(Exercise directions): Copying rule for the data below: take the line containing "Full bathroom with" and every line after it to the end, exactly, and drop all pictures.

(Captioned web images)
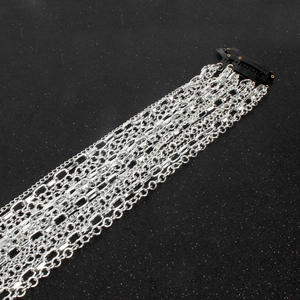 Detail of multi-layered silver tassel hair chains with black metal clip on glitter background
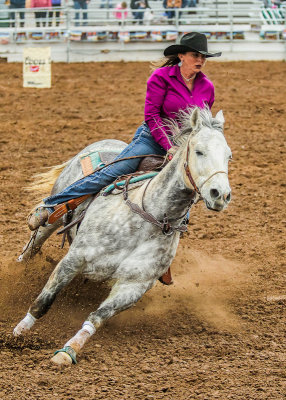 Barrel Racing competitor heads toward the second barrel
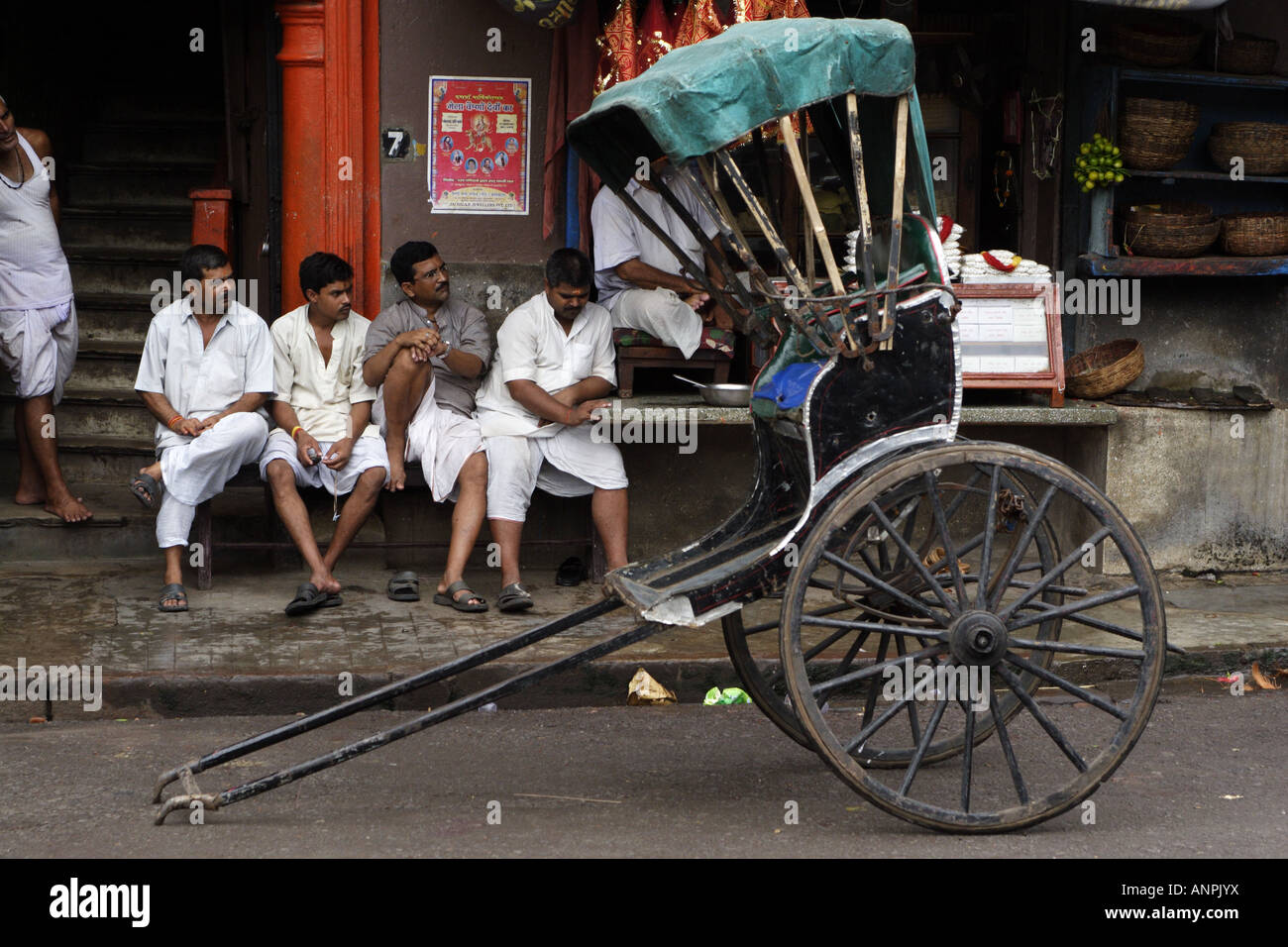 Eine Rikscha steht auf einer der Straßen in der Nähe von Kali Ghat in Kolkata, Indien. Die Rikscha-Puller sitzen in der Nähe, Tee zu trinken. Stockfoto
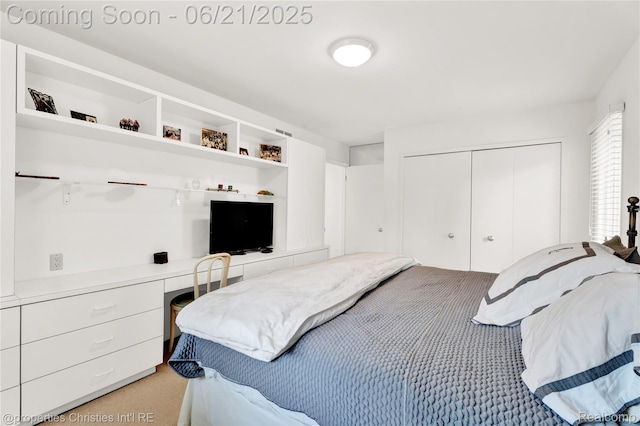 4768 Wendrick Dr, West Bloomfield, MI 48323 - bedroom featuring built in desk, light carpet, and a closet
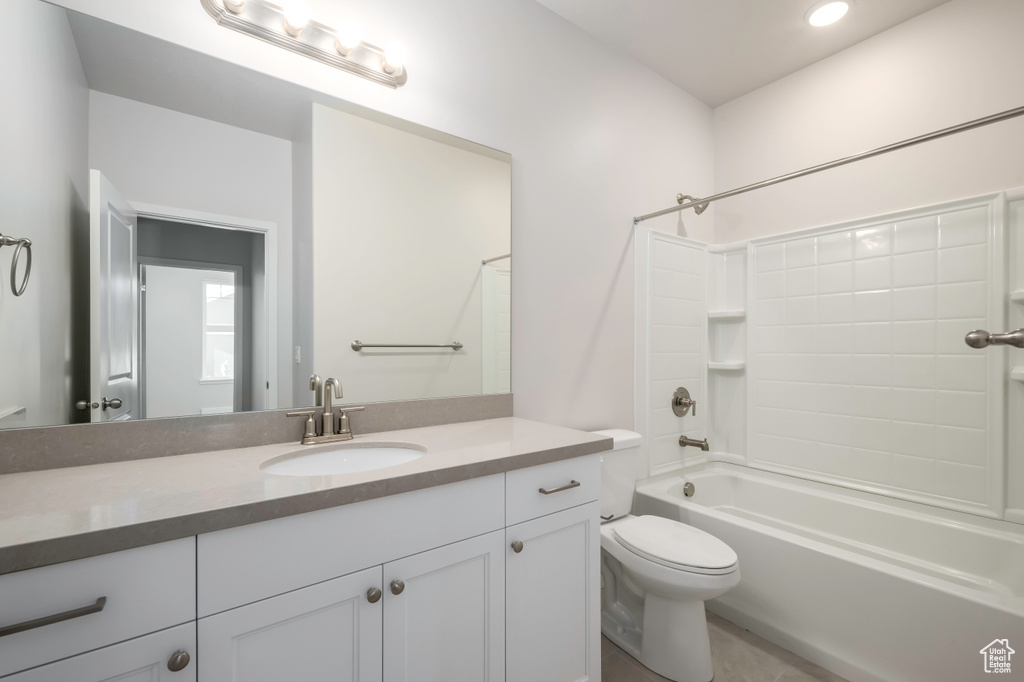 Full bathroom with toilet, oversized vanity, and shower / bathing tub combination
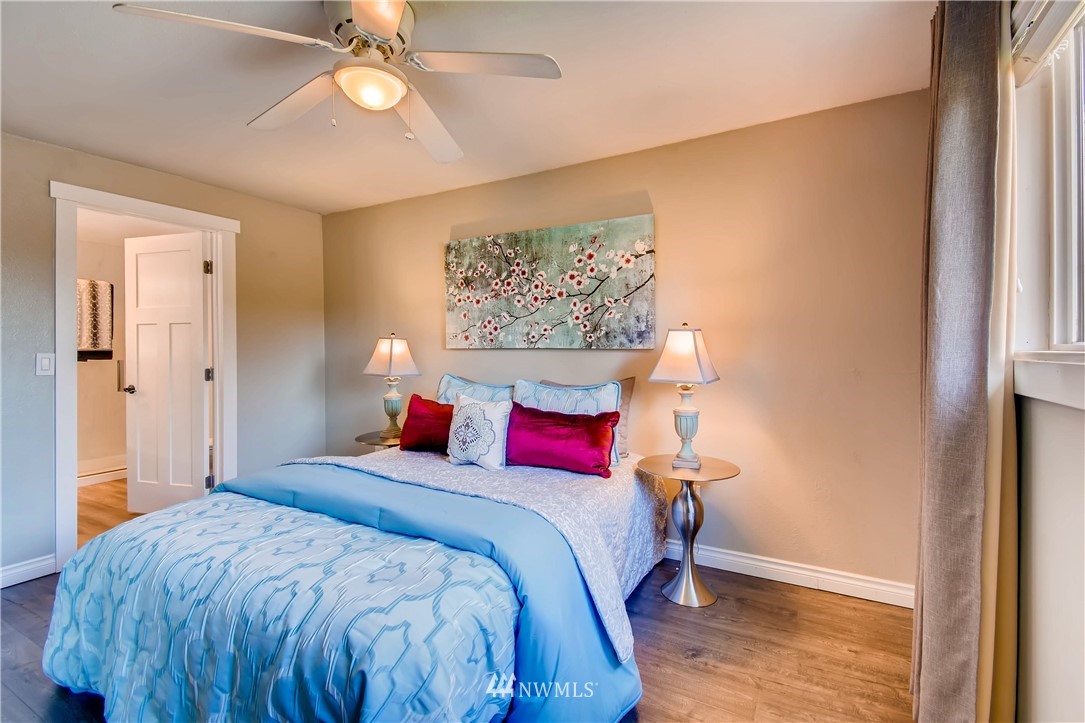 908 North 33rd Street Renton, WA 98056 - Photo 13 of 22 a bedroom with a bed and a chandelier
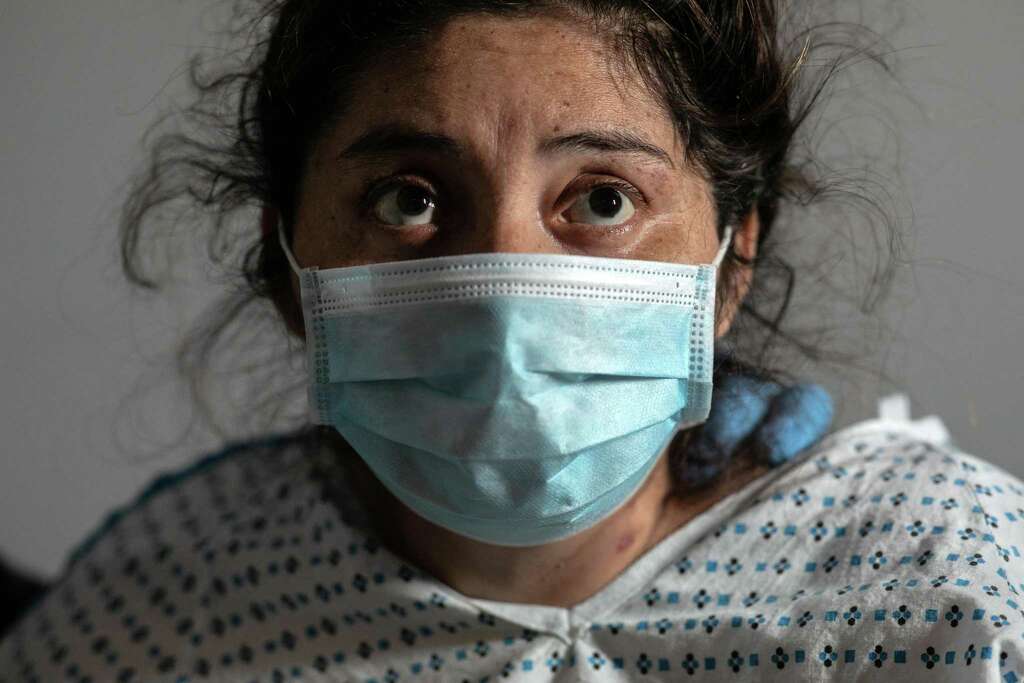 <p>COVID-19 patient and Guatemalan asylum seeker Zully sits on her bed after arriving home by ambulance from Stamford Hospital on April 25, 2020 in Stamford, Connecticut. She had first gone to the hospital gravely</p>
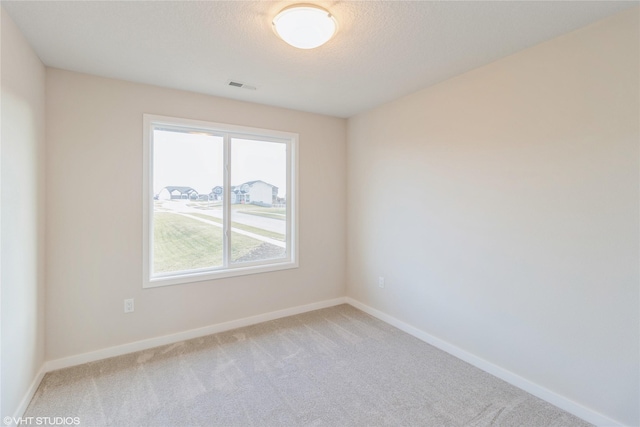 empty room with light colored carpet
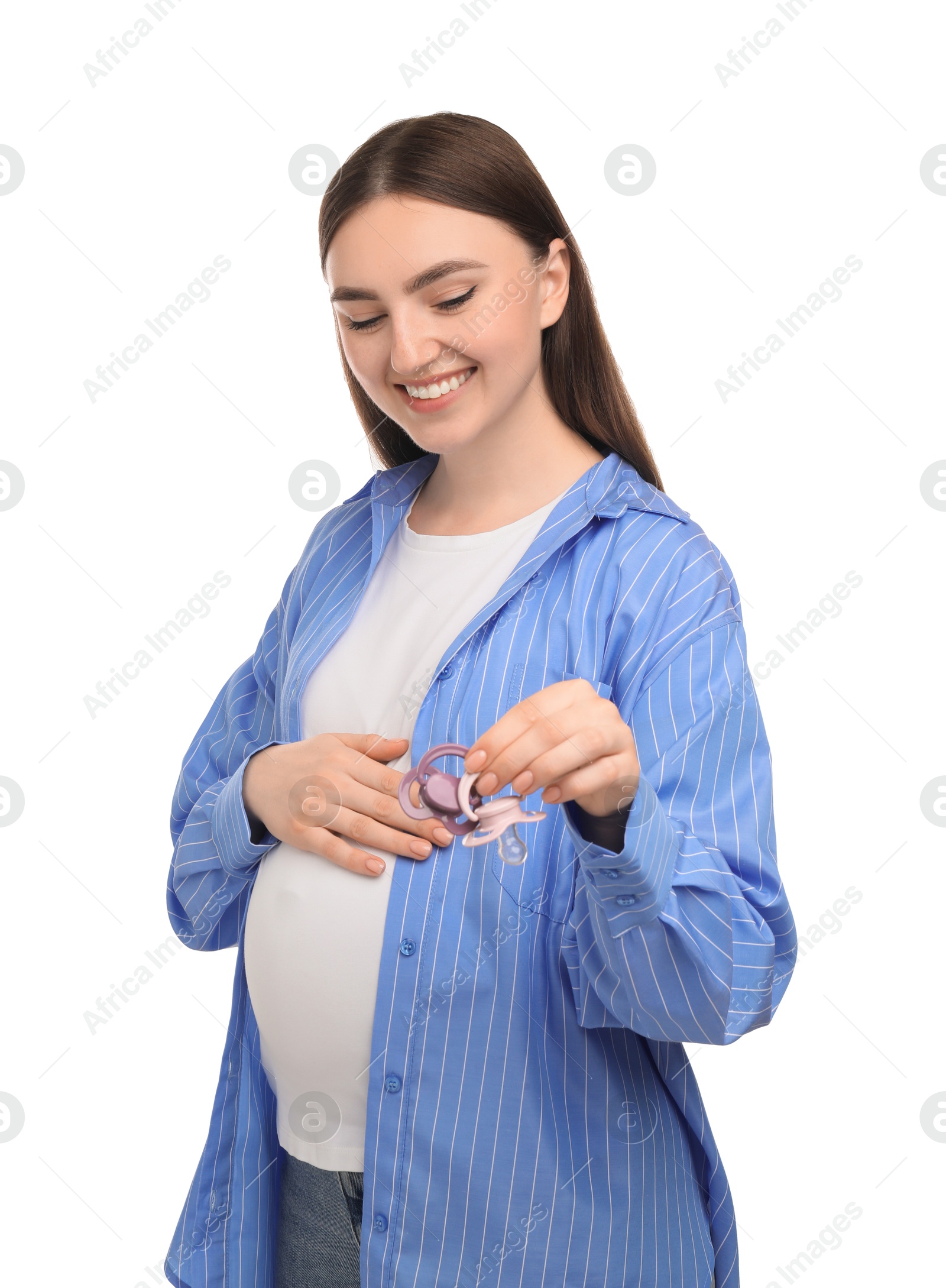 Photo of Expecting twins. Pregnant woman holding two pacifiers on white background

(Response to this task):
 Full bathroom with toilet, oversized vanity, and shower / bathing tub combination
 908 North 33rd Street Renton, WA 98056 - Photo 13 of 22 a bedroom with a bed and a chandelier
 <p>COVID-19 patient and Guatemalan asylum seeker Zully sits on her bed after arriving home by ambulance from Stamford Hospital on April 25, 2020 in Stamford, Connecticut. She had first gone to the hospital gravely</p>
 empty room with light colored carpet
 Photo of Expecting twins. Pregnant woman holding two pacifiers on white background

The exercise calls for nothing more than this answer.